If you have any questions please don't hesitate to contact us.
Kind Regards,

Eric Zheng
Technical Support Team, Maxtor Ireland Ltd.​_
So, did anyone try the latest BIOS 1021_3 beta yet? Did it resolve anything with the diamondmax 10?

PS. downloaded by ftp from 

ftp.asuscom.de/pub/ASUSCOM/BIOS/Socket_478/INTEL_Chipset/i865pe/P4P800/

At least this ftp site is accessible. Zjeesus, does their web site suck or what?

regards
Koffie


----------



## sapper339 (Jun 26, 2005)

Try backing up your data and re-installing your os if installing windows xp pro boot from cdrom and press f6 key to install third party drivers then select drivers from a via sata raid driver floppy disk this wiil ensure that the sata hd is seen by the os. you can then choose which hd you want to install the os to


----------



## mjckjc (Jun 27, 2005)

*Asus Motherboard SATA Hard Drive Problem*

I also have a P4P800 Deluxe with a Maxtor ATA drive 60Gb for Windows, etc. And a 300gb Maxtor DiamondMax 10 SATA drive. My board will not recognize the SATA hd in the BIOS or Windows. I was using the 1019 Bios then I went to the Beta Version 1021. Still the same problem. I called Maxtor and was told there are no known problems with this board and the SATA drive. Was told to run powermax to see if drive was OK. I told them I have already done that when the drive can be detected and everything passed. I was told to run it again. Then call them back? 

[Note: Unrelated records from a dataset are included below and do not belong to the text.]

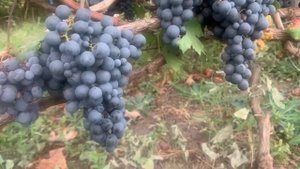 #ВиноградникЕлисеевых Шираз Карминер Санджовезе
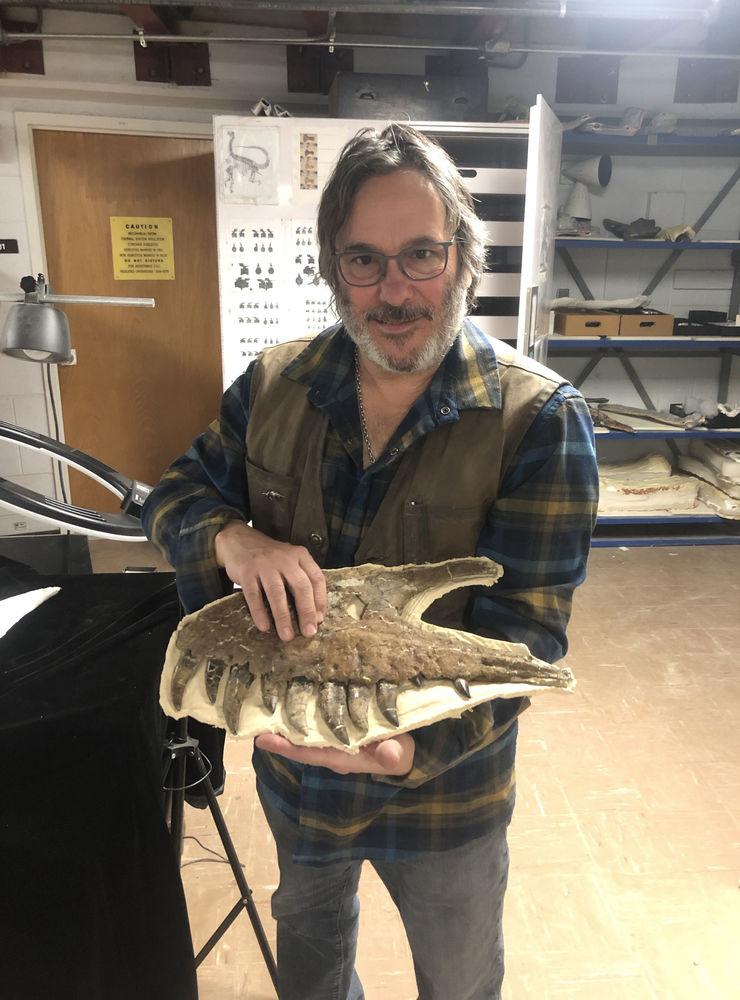 David Burnham håller upp den förbryllande fossilen av en välbevarad käke som kan tillhöra en ung Tyrannusaurus rex, eller möjligtvis den omdebatterade arten Nanotyrannus.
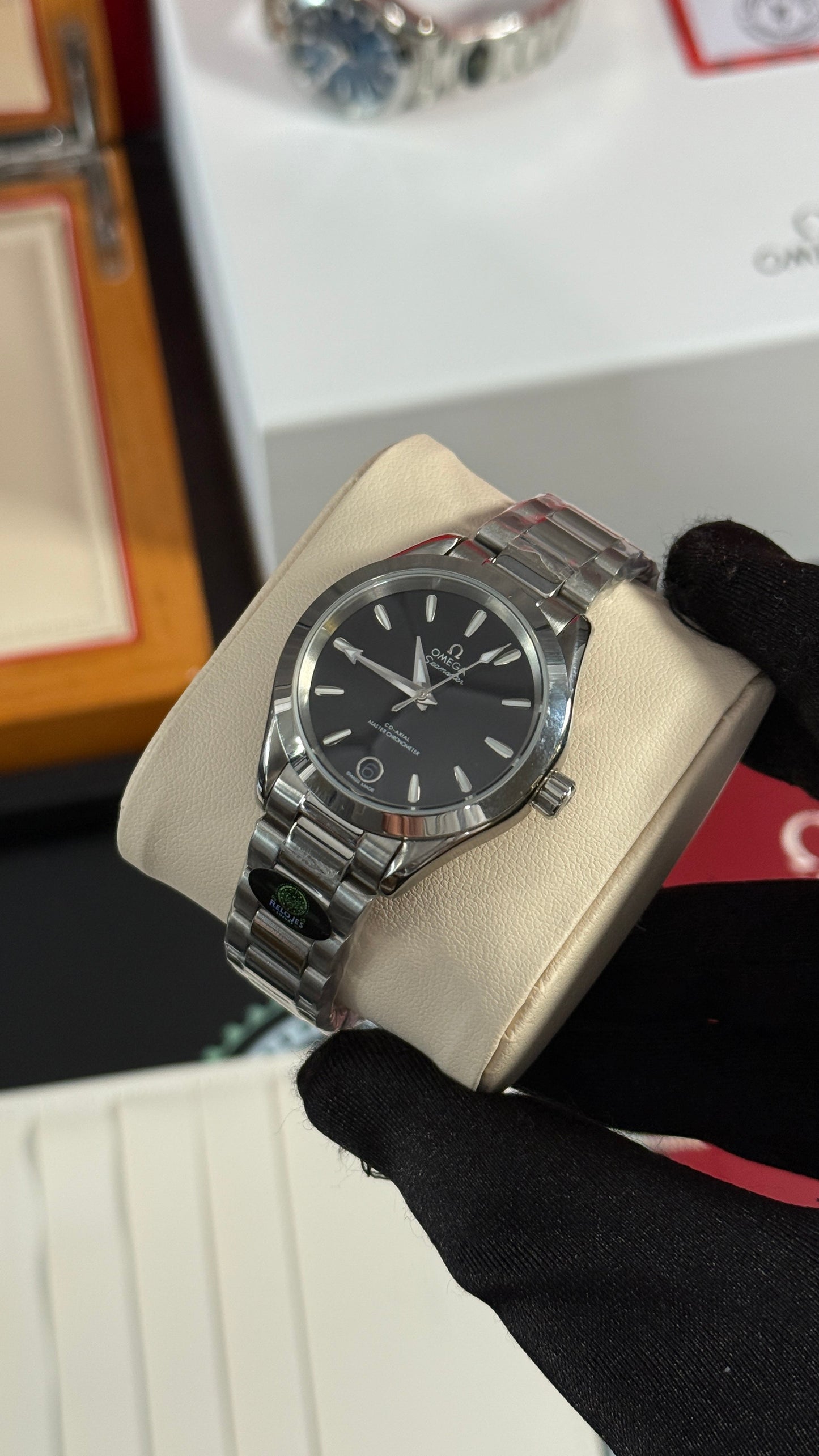 OMG AQUA TERRA (PLATA/NEGRO) 34mm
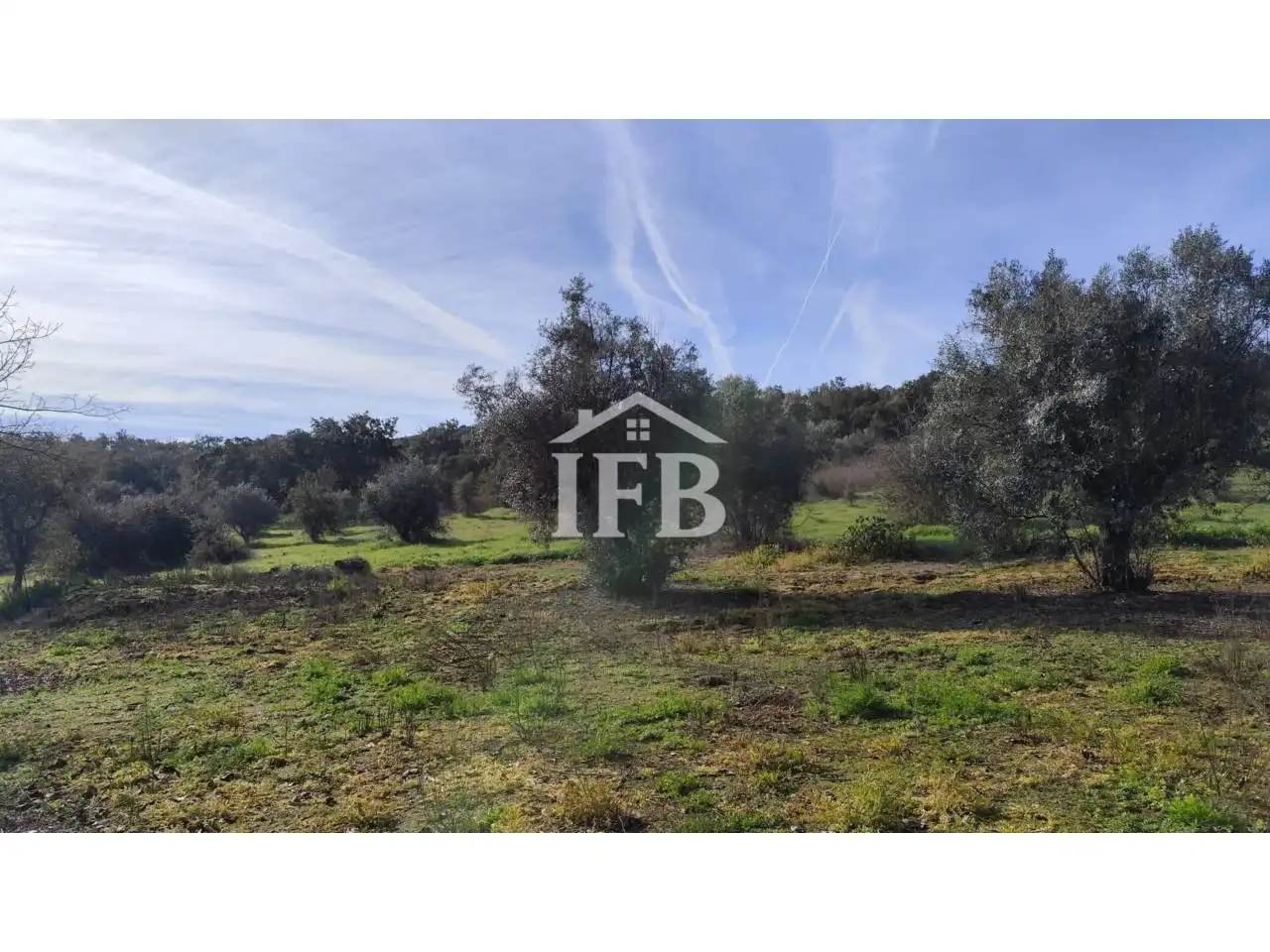 Terreno en venta en La Codosera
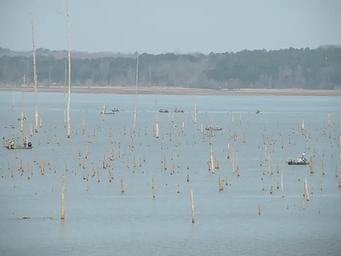 Water Valley Landing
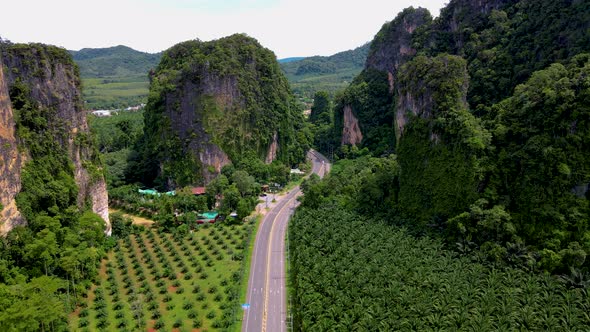 A Road in Thailand with Palm Oil Trees in KrabiOil Palm Platation Field Agricultural Industry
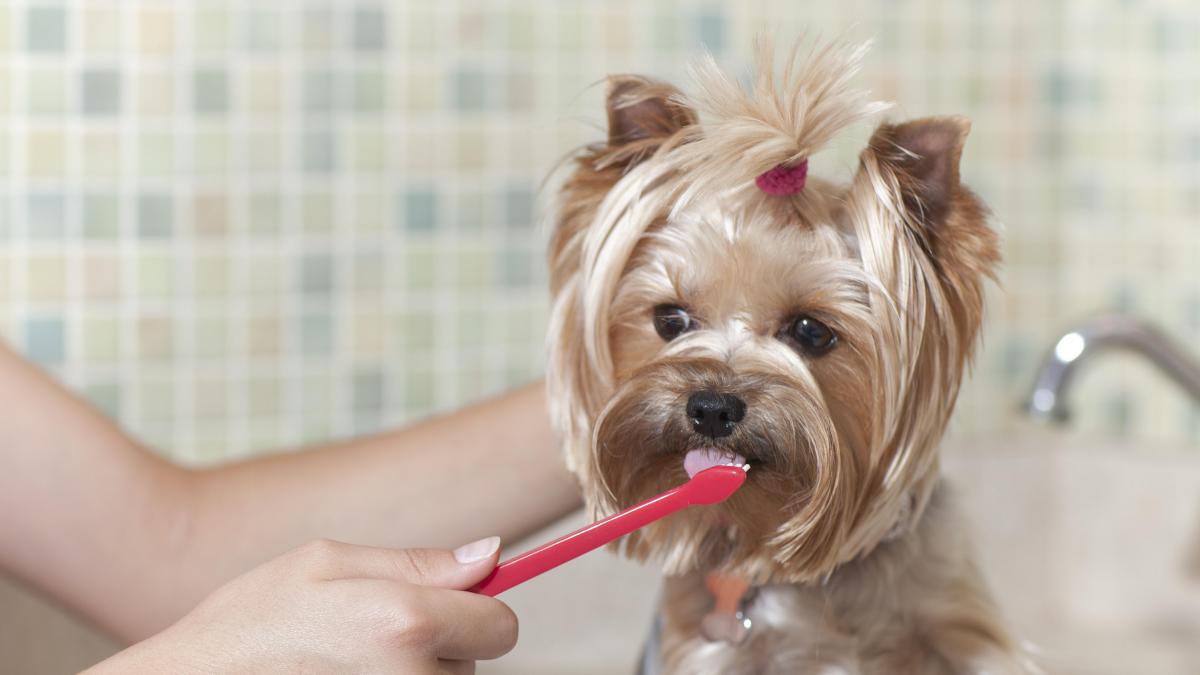 Gingivitis en perros y gatos y tratamiento fitoterápico adyuvante
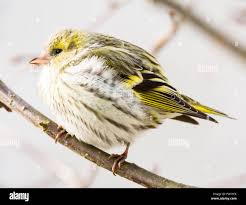 Attēlu rezultāti vaicājumam “Carduelis spinus female”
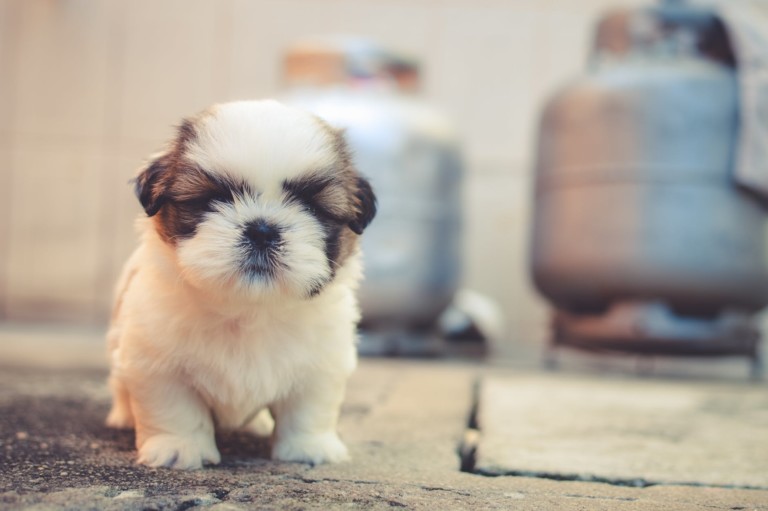 Why Do Dog Breeders Evaluate Their Puppies?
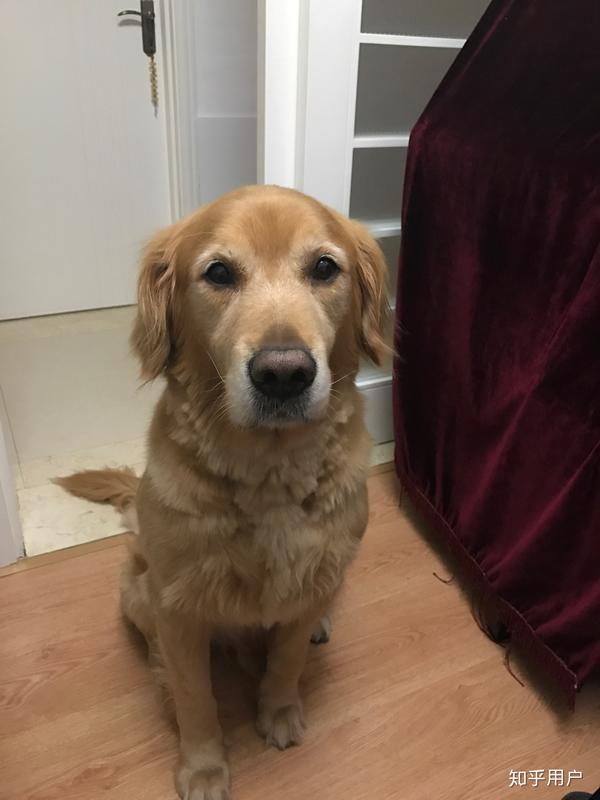 有一只品相特别好的金毛犬是什么体验?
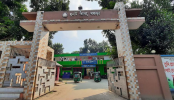 ধুনটে অভাবের যন্ত্রনা সইতে না পেরে স্বামীর বাড়িতে নববধুর আত্মহত্যা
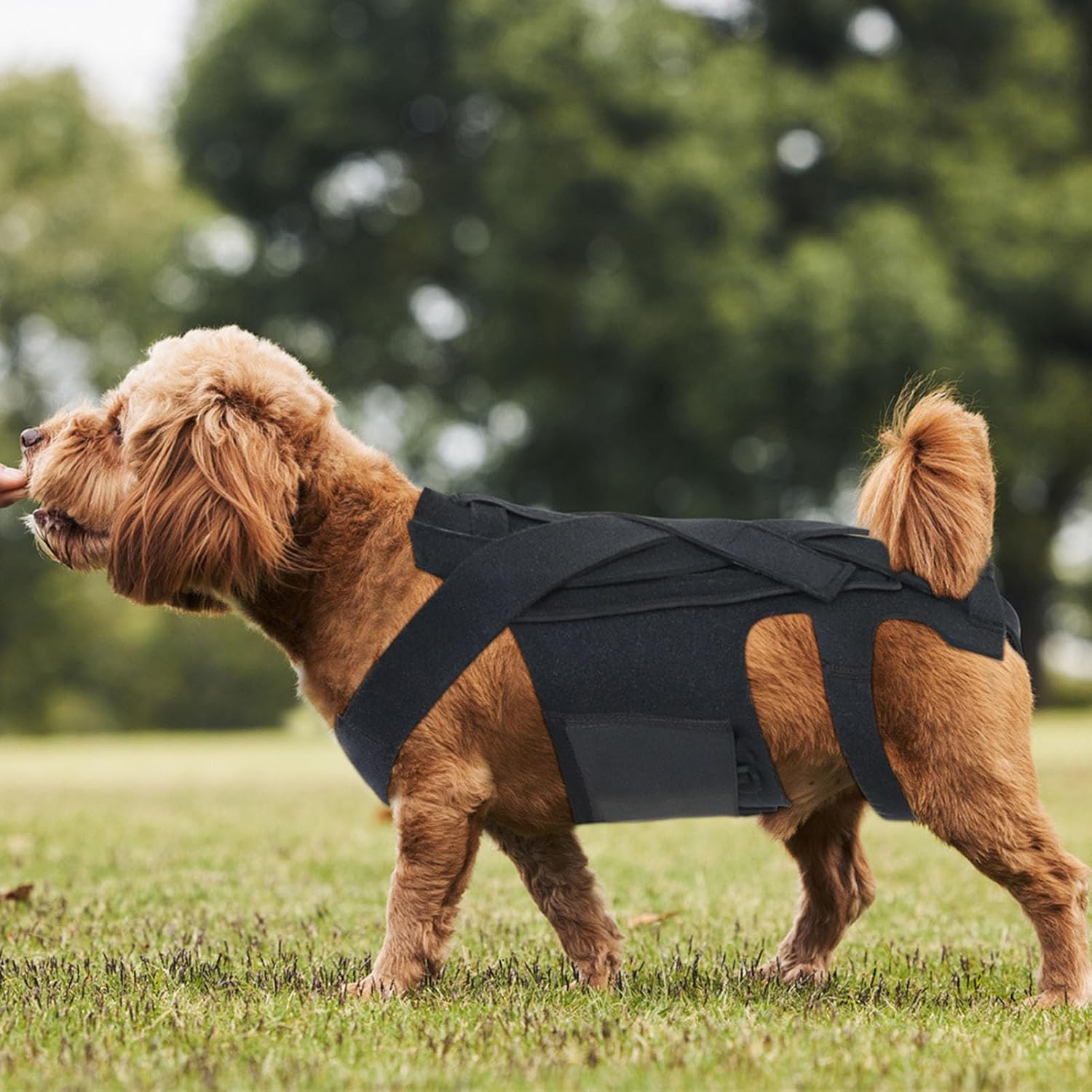 Dog Back Brace, Pet Back Support Vest Back Bracer for Dachshunds, Corgis Et Al Other Dogs IVDD Arthritis, Herniated Disc, Spinal Recovery (S Size) image number 4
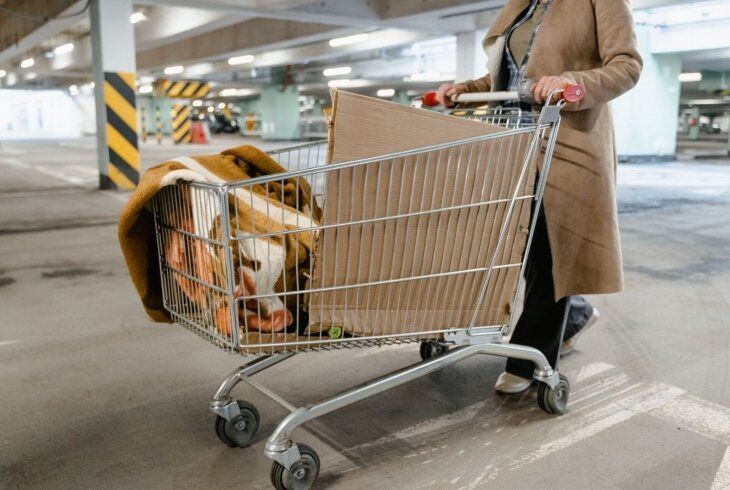 Diferenças entre carrinhos para movimentação de materiais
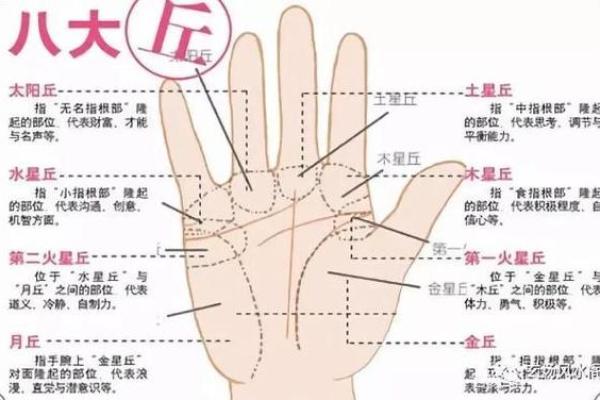 扫一扫看手相，轻松发现你的个性与未来趋势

Was also told by Maxtor to reinstall Windows and install Raid drivers (f6) I told him I am not running Raid, he said it does not matter because the drive needs those drivers for it to be recognized. I told him if that was true why does my Bios see the drive after doing the following.

What I did was unplug the SATA drive and power connector, then booted up, then shut down and reconnect the SATA drive and the Bios and Windows will see the drive. I can restart and use the drive great numerous times, then the next day or so when I go to use the computer again the SATA drive acts up again. I only use this computer for VE. After reading some post here I might go the PCI SATA board route?

Win XP Pro SP 2
P IV 3.2C
1 Gb Ram
480 Watt Thermaltake PS


----------



## Monbart (Jun 14, 2005)

I had the exact same problems. I managed to install windows XP on my Maxtor Diamond MAX 10 SATA drive with no problems. But within a week my computer started having major issues with the drive. Im pretty sure that after a while the computer started messing up the data on the drive. It got worse and worse until the drive was useless. Swapping the SATA plugs over sometimes worked (unplugging from SATA1 and plugging into SATA2) but after a while it didnt work anymore. I tried pretty much everything (reinstalls, driver updates, BIOS updates) to make it work but it all turned out to be the ICH5R chipset (Intel SATA/RAID controller). I can tell you all now that you CAN NOT use a SATA drive with NCQ on this controller. Im now running a MAXTOR DiamondMAX 10 IDE drive now and it works fine!

The only advice I can give to you all is until such times as ASUS wake up and release a BIOS or fix that solves this problem STAY AWAY FROM SATA WITH NCQ!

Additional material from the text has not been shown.